PRIVATE FIRST CLASS GERALD LYONS was born in Windy Hill, Maryland in 1910, the fourth of five sons born to Frederick and Sarah Julia Lyons. The 1920 Census shows Frederick Lyons and family living in Trappe, Talbot County, Maryland, where Frederick Lyons owned a farm. By 1930 Gerald Lyons and his brothers had all left home. When the Census was taken in April of 1930, Frederick Lyons had lost the farm, and was working for another farmer, while his wife was working as a housekeeper for a private family.
Gerald Lyons eventually came to Gloucester City NJ. The 1940 census show him lodging at 213 Market Street and working as a truck driver. He later moved to 824 Division Street. He had finished one year of high school, was unmarried and still working as a driver before being called to national service.
Gerald Lyons was inducted into the Army on May 8, 1942 at Fort Dix NJ. After completing basic training, he was assigned to the 116th Infantry Regiment, 29th Infantry Division. He landed on Omaha Beach with the 29th Division on D-Day, took part in the siege at Brest, and took part in the action that resulted in the fall of Aachen, Germany in October of 1944.
The 29th Division was pulled out of the line to receive replacements, training, and to re-equip at the end of October. Gerald Lyons and his unit stayed for some time in the Dutch town of Kerkrade, where he met Jan Schlangen. Jan Schlagen wrote the following in October of 2013:
Dear Mr Phil Cohen,
Since 1945 I take care of the Grave, in Margraten Netherland, from the killed American soldier Lyons, Gerald (29th Division – 116 Inf. Reg. Serial number: 32267199).

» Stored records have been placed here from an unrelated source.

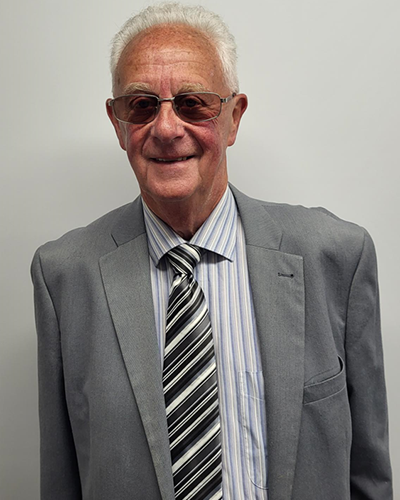 Deputy Mayor Councillor Ray Pollard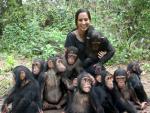 La directora del instituto Jane Goodall en Rep&uacute;blica del Congo, Rebeca Atencia, junto a los chimpanc&eacute;s del Centro de Rehabilitaci&oacute;n de Tchimpounga.
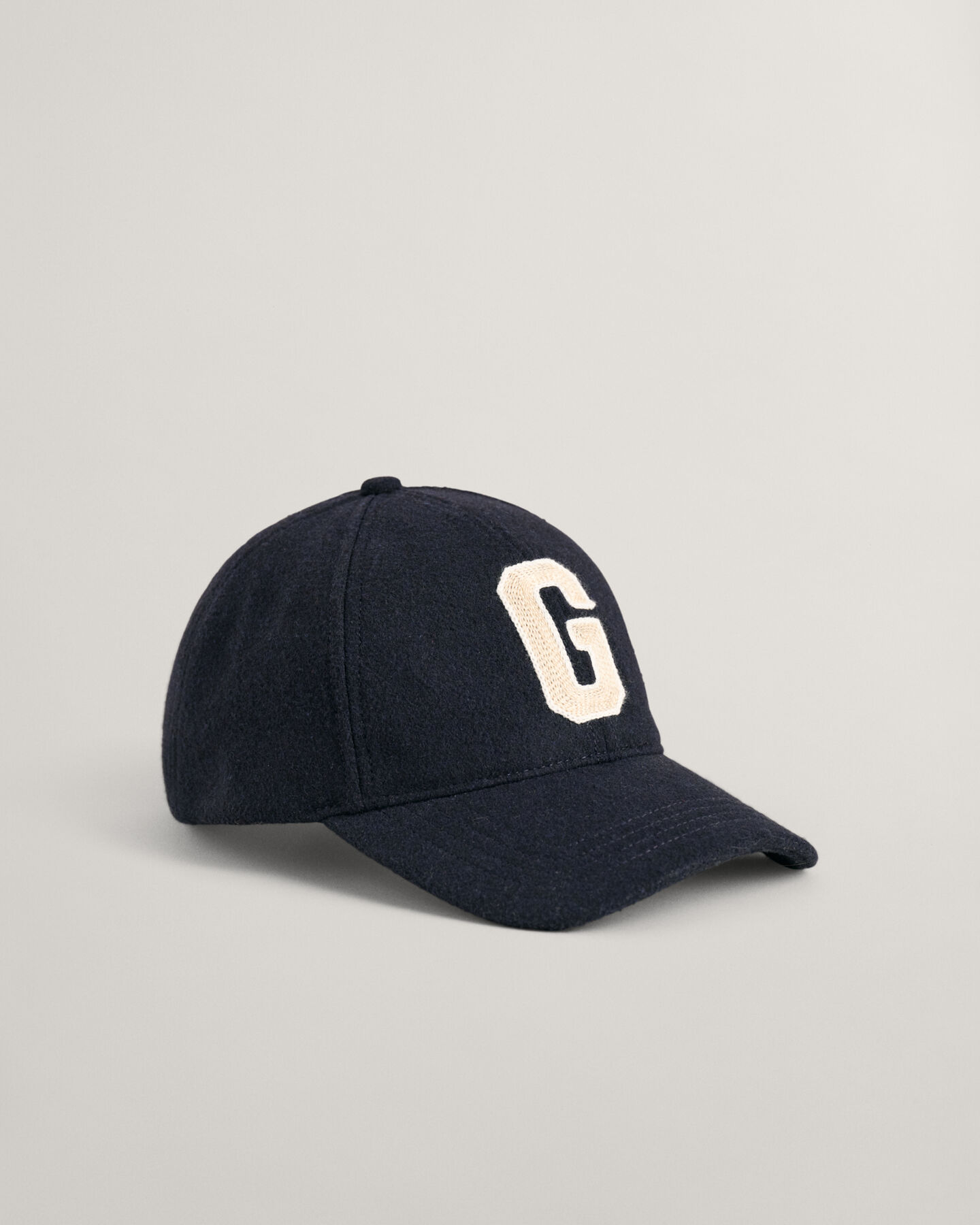 Casquette en laine à écusson G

I met Gerald personally before he was entering Germany. He was a very quiet person, always together with his sergeant Stanley …?.

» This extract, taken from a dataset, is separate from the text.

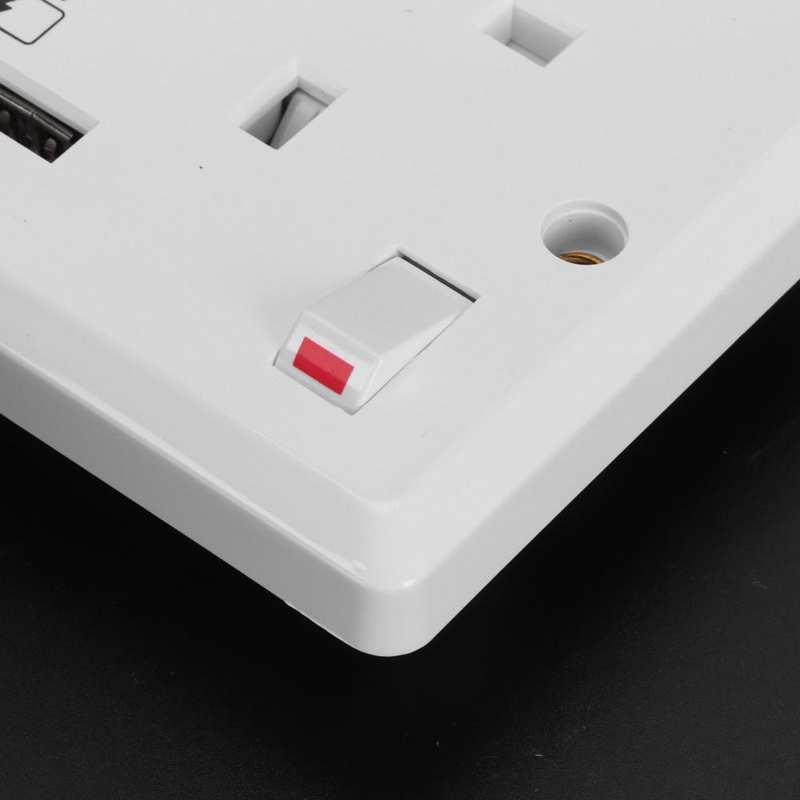 USB Wall Socket with Leakage Protection Switch Intelligent Multi Plug Outlet UK 250V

A few days after they left our home in Kerkrade – Holland to cross the border with Germany, Stanley came back to tell us that his mate Gerald was killed in action by driving with his jeep on a mine.
Trough the US. Army Human Resources Command we know that he was killed in Süggerath in the neighbourhood of Geilenkirchen in Germany.
Also we have gotten the address of his sister (Mrs Elizabeth Conley, 332 South 8th Street) and his brother (Fred V. Lyons, 430 Hunter Street). Both have lived in Gloucester, New Jersey.
However we are sure that they will not live anymore, but it is possible that there are children or grandchildren still living. If so than we would be very gratefully if we could get a picture of Gerald.
Gerald Lyons was killed in action on November 21, 1944. He was buried at the Netherlands American Cemetery in Margraten, Netherlands. He was survived by his brothers Fred, William, and Charles and his sister Elizabeth Lyons Conley.